Für Lindenmayer liegt das Problem darin, dass immer mehr Kängurus in Stadtnähe leben. Gerade in der Hauptstadt Canberra habe es eine grosse Population an Kängurus. «Wenn ich mit dem Fahrrad zur Arbeit fahre, dann sehe ich in 40 Minuten locker über 200 Kängurus.» Dies störe viele Australier. Auf der einen Seite ärgern sich die Bauern, dass Kängurus dem Vieh das Gras wegfressen und den Boden zertrampeln.

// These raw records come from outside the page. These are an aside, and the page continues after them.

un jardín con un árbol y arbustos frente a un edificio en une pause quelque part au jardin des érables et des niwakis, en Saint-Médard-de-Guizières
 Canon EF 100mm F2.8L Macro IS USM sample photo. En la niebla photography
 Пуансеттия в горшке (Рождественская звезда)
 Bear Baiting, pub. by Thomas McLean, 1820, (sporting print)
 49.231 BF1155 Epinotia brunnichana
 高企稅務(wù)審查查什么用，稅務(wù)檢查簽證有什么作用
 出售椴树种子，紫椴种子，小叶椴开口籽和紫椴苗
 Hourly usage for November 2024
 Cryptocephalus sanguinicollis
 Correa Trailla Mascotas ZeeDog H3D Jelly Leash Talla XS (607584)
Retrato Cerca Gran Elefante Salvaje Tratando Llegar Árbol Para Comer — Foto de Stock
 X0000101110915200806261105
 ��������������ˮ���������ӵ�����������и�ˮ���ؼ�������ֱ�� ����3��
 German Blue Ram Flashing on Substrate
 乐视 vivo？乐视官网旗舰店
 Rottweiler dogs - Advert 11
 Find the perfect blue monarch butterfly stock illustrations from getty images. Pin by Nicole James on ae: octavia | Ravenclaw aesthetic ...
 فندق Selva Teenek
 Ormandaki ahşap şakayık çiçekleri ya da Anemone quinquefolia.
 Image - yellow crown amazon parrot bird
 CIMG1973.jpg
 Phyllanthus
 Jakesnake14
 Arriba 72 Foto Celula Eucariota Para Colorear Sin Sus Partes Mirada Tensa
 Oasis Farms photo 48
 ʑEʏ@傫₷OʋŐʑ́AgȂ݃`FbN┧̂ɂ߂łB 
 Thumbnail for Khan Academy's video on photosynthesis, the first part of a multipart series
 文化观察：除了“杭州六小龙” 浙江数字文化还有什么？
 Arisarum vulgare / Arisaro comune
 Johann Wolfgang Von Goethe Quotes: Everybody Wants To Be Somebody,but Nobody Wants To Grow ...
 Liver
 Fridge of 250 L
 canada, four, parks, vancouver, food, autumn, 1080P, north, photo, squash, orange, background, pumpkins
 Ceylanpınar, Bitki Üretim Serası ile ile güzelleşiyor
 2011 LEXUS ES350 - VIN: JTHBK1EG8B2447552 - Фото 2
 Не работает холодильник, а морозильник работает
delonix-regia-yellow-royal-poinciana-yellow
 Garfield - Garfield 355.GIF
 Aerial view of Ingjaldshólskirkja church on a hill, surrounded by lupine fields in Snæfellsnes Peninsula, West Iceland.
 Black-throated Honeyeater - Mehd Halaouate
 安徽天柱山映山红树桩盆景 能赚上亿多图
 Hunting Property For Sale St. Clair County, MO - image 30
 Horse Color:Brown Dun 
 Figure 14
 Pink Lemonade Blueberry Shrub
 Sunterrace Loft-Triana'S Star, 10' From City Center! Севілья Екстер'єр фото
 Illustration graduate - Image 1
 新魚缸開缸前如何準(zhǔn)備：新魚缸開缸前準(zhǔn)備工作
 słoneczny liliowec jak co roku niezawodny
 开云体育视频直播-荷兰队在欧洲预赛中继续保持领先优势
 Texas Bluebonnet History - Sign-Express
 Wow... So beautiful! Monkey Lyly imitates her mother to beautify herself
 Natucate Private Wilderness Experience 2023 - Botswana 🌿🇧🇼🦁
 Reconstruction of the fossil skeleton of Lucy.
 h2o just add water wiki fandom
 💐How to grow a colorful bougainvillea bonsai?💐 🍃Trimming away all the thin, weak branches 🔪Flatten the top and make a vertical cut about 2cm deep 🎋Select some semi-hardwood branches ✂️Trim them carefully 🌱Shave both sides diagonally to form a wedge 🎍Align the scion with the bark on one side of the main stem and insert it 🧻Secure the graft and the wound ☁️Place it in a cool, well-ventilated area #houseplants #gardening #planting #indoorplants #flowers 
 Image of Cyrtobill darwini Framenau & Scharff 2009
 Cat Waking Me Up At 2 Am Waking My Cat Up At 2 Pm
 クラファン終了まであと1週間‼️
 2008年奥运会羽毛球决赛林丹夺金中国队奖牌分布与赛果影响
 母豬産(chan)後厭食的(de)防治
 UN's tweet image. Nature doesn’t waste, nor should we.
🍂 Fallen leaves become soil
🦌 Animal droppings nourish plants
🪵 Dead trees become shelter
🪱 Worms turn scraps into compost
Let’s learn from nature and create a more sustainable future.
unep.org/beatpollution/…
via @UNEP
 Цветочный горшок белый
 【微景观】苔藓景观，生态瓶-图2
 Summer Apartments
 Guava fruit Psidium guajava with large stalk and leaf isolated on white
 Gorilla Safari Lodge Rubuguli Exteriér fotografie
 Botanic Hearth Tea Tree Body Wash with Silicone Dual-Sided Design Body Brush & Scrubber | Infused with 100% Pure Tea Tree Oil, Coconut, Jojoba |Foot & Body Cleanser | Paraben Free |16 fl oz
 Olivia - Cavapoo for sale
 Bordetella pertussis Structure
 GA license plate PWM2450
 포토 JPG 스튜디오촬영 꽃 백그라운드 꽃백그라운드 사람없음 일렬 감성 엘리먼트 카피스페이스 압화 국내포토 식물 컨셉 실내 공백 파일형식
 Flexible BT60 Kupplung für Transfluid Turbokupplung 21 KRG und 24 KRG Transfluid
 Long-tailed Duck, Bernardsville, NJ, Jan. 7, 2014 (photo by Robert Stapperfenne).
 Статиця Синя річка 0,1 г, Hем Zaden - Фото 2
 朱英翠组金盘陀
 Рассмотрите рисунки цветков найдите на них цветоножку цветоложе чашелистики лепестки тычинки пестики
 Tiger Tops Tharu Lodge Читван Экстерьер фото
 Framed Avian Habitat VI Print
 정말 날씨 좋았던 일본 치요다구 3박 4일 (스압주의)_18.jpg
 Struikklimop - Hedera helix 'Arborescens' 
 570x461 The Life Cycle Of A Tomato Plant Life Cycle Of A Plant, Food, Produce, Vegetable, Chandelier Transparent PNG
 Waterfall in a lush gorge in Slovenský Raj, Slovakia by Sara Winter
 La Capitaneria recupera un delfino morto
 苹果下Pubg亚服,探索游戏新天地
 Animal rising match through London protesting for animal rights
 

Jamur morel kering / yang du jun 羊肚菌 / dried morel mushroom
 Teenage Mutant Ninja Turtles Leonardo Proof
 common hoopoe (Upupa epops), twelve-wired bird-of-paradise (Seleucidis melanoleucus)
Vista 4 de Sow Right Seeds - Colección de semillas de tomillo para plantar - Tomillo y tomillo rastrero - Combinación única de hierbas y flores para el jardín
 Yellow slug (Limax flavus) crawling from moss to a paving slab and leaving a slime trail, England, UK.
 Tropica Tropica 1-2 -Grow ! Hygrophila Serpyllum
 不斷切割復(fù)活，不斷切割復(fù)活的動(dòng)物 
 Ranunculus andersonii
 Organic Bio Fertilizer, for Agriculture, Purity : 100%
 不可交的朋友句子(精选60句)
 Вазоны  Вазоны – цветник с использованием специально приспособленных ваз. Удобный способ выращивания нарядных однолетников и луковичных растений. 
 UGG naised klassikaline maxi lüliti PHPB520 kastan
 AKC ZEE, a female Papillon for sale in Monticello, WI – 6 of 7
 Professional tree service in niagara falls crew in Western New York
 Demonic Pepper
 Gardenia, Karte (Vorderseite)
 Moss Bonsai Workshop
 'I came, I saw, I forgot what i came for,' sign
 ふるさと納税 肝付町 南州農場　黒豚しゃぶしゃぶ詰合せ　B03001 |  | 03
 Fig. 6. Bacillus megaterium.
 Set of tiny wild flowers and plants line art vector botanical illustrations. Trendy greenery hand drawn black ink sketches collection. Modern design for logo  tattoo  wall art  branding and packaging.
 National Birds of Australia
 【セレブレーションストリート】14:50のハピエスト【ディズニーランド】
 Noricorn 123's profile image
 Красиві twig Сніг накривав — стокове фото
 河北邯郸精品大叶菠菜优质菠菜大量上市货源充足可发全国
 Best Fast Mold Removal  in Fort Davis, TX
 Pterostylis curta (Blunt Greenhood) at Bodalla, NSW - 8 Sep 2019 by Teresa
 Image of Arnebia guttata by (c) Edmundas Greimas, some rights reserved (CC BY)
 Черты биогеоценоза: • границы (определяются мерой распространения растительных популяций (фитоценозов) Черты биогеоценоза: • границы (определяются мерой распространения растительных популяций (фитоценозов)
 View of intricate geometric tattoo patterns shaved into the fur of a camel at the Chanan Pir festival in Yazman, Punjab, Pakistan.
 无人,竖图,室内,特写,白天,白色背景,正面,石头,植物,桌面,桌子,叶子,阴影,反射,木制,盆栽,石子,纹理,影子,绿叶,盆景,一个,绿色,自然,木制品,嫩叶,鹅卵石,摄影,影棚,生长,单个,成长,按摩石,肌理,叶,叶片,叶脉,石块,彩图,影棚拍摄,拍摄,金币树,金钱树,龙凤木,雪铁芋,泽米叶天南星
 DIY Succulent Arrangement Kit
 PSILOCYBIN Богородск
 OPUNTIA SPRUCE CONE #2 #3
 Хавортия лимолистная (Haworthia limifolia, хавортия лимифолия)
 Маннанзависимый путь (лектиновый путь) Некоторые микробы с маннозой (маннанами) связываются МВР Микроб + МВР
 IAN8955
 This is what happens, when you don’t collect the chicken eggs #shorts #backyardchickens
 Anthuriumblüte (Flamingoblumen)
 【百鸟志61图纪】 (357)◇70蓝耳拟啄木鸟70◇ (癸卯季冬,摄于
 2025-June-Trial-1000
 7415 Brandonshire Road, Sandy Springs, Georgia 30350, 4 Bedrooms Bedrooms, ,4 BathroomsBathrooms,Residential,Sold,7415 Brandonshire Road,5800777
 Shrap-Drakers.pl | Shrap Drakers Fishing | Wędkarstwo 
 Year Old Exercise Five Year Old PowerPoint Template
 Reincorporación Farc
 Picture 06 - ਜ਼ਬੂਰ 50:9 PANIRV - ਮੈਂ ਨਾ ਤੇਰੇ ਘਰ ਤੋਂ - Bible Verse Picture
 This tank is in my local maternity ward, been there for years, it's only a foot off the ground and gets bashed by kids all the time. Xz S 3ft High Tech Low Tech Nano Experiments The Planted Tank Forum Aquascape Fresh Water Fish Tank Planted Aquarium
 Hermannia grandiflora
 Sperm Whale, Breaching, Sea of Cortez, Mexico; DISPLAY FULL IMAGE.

Auf der anderen Seite fürchten Autofahrer Kollisionen, da im Morgengrauen oder in der Abenddämmerung diese Tiere am aktivsten sind – die fast zwei Meter hohen und bis zu 90 Kilogramm schweren Männchen verursachen so immer wieder schwere Autounfälle. 

Tierfreundlichere Lösungen als Kängurus  zu töten, sieht Lindenmayer nicht. Die Tiere von der Stadt weg hinaus ins Outback zu deplatzieren etwa, sei keine Lösung: «Kängurus verfallen in eine Schockstarre, wenn man sie einfängt. Davon erholen sich die wenigsten, sie können sogar daran sterben.» 

Eine Möglichkeit sei es höchstens, den Bestand durch eine höhere Anzahl natürlicher Feinde in Schach zu halten. «Doch daran stören sich wiederum die Bauern, weil etwa Dingos auch gleichzeitig Schafe oder Kälber reissen.» Ausserdem würden Dingos Füchse angreifen, was wiederum einen negativen Effekt auf die Natur hätte. 

«Schlussendlich geht es darum, was für Werte man vertritt», meint Lindenmayer. «Umweltwissenschaftler sorgen sich um das Ökosystem und sind für eine Kontrolle der Känguru-Population, damit nicht andere Tiere und Pflanzen darunter leiden. Bauern ist das Wohl ihres Viehs am wichtigsten, sie stören sich nur an Kängurus, wenn ihre Kühe nicht genügend zu fressen haben. Und für Tierschützer wiederum ist jedes getötete Känguru eines zu viel.»